If $a=0$, then $f=x^5+b$, so $f=x^5-{\alpha }^5$, where $\alpha$ is a root of $f$ in some extension of $F$. Since the characteristic of $F$ is 5, $f=x^5-{\alpha }^5={(x-\alpha )}^5$ is not separable, in contradiction with the hypothesis, so $a\ne 0$.

(b)

If $a=-1$, by Exercise 5.3.16 and 6.2.5, we know that $$x^5-x+b=(x-\alpha )(x-\alpha -1)(x-\alpha -2)(x-\alpha -3)(x-\alpha -4),$$

where $\alpha$ is a root of $f$ in some extension. Then $K=F(\alpha )$ is the splitting field of $f$ over $F$. By part (c) of exercise 6.2.5, we know also that

$$\phi \{\begin{array}{ccc}\hfill \mathrm{Gal}(L∕F)\hfill & \hfill \to \hfill & \hfill \mathbb{Z}∕5\mathbb{Z}\hfill \\ \hfill \sigma \hfill & \hfill \mapsto \hfill & \hfill \sigma (\alpha )-\alpha \hfill \end{array}$$

is a group isomorphism, so $\mathrm{Gal}(L∕F)$ is cyclic of order 5.

(c)

We search $\lambda$ such that $$x^5-x+b^{\prime }={\lambda }^{-5}({(\mathit{\lambda x})}^5+a(\mathit{\lambda x})+b)$$

for some $b^{\prime }$.

This is equivalent to

$${\lambda }^5{x}^5-{\lambda }^{5}x+{\lambda }^5{b}^{\prime }={\lambda }^5{x}^5+\mathit{a\lambda x}+b,$$

so $\mathit{a\lambda }=-{\lambda }^5,{\lambda }^4=-a$. Let $L$ a splitting field of $x^4+a$, and choose

$$\lambda =\sqrt[4]{-a}$$

a fixed root of $x^4+a$ in $L$.

The characteristic is 5, so $2^2=-1$, and

$$x^4+a=x^4-{\lambda }^4=(x^2+{\lambda }^2)(x^2-{\lambda }^2)=(x+2\lambda )(x-2\lambda )(x-\lambda )(x+\lambda )$$

splits completely over $F$. Since $\lambda \ne 0$, and since the characteristic is 5, the roots of $x^4+a$ are distinct. Therefore $L=F(\lambda )$ is the splitting field of the separable polynomial $x^4+a$ over $F$. Hence $F\subset L=F(\lambda )$ is a Galois extension.

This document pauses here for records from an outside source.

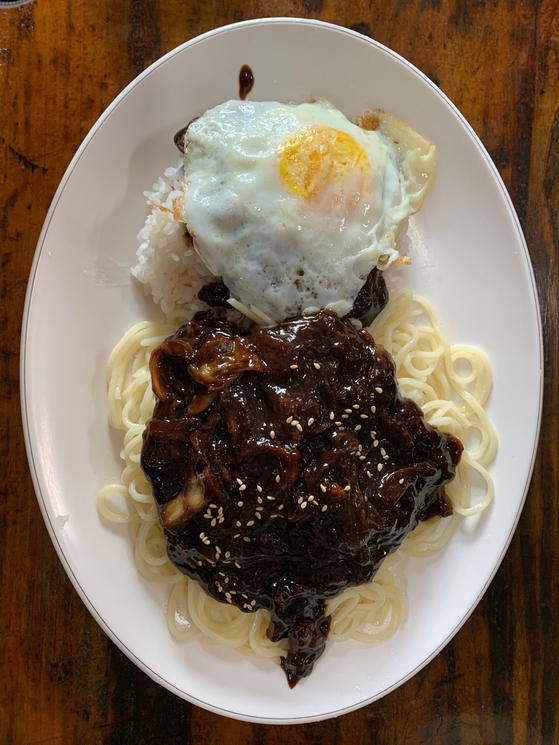 Jjamyeonbap, a combination of noodles and rice over black bean sauce, is served at Wonjo Gisanim Bunsik in Mapo District, western Seoul. [LEE JIAN]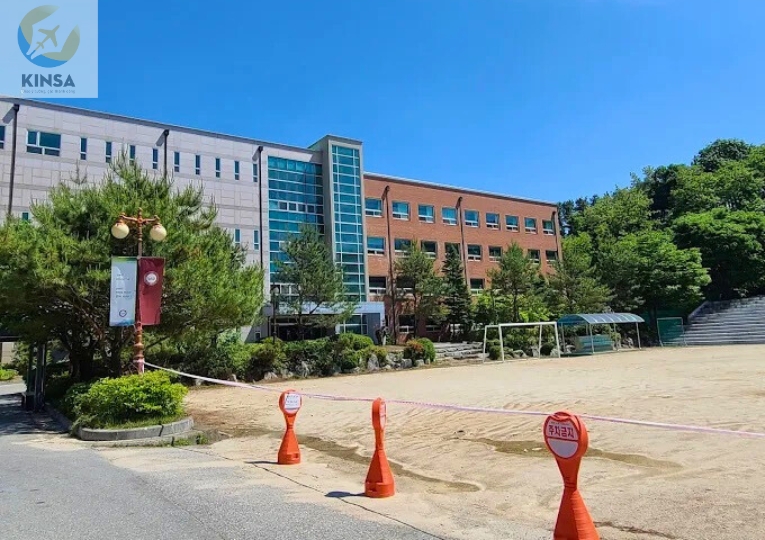 Khu sân tập thể thao đại học kế toán thuế Woongi Hàn Quốc
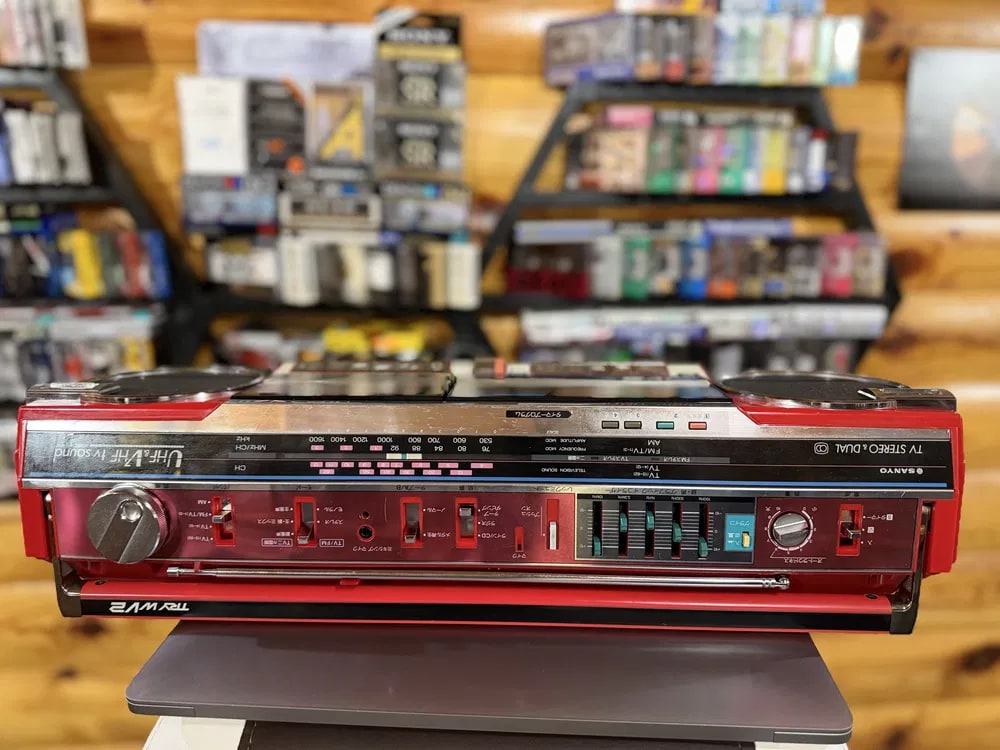 Sanyo MR-WV2(R) Rare Vintage Cassette Boombox Getto blaster Serviced Warranty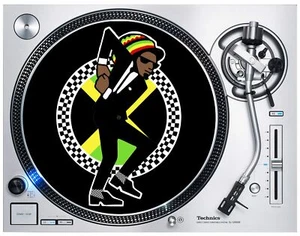 Slipmat DJ Jamaican Rasta Ska - Giradischi Vinile Reggae Rude Boy Technics Decks - Foto 1 di 1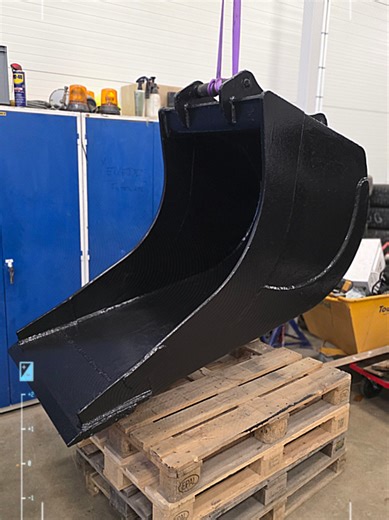 Renovating an Excavator Bucket: A DIY Guide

So there exists $\lambda$ in some solvable Galois extension $L$ of $F$ such that $x^5-x+b^{\prime }={\lambda }^{-5}({(\mathit{\lambda x})}^5+a(\mathit{\lambda x})+b)$ with $b^{\prime }={(\sqrt[4]{-a})}^{-5}b$, where $\lambda ,b^{\prime }\in L$.

(d)

If $\beta$ is in some extension of $F$, $\beta$ is a root of $f$ if and only if ${\lambda }^{-1}\beta$ is a root of $x^5-x+b^{\prime }$. If $\alpha$ is a fixed root of $x^5-x+b^{\prime }$, then by part (b) the roots of $x^5-x+b^{\prime }$ are $\alpha ,\alpha +1,\alpha +2,\alpha +3,\alpha +4$, so the roots of $f$ are $${\beta }_0=\mathit{\lambda \alpha },{\beta }_1=\lambda (\alpha +1),{\beta }_2=\lambda (\alpha +2),{\beta }_3=\lambda (\alpha +3),{\beta }_4=\lambda (\alpha +4).$$

A splitting field of $f$ over $F$ is

$$K=F({\beta }_0,\dots ,{\beta }_4)=F(\mathit{\lambda \alpha },\lambda (\alpha +1),\dots ,\lambda (\alpha +4)).$$

Since $\lambda =\lambda (\alpha +1)-\mathit{\lambda \alpha }={\beta }_1-{\beta }_0\in K$, and $\alpha =(\mathit{\lambda \alpha })∕\lambda ={\beta }_0∕({\beta }_1-{\beta }_0)\in K$, $F(\lambda ,\alpha )\subset K$, and $\mathit{\lambda \alpha },\dots ,\lambda (\alpha +4)\in F(\lambda ,\alpha )$, so $K\subset F(\lambda ,\alpha )$:

$$K=F(\lambda ,\alpha )$$

is the splitting field of $f=x^5+\mathit{ax}+b$ over $F$.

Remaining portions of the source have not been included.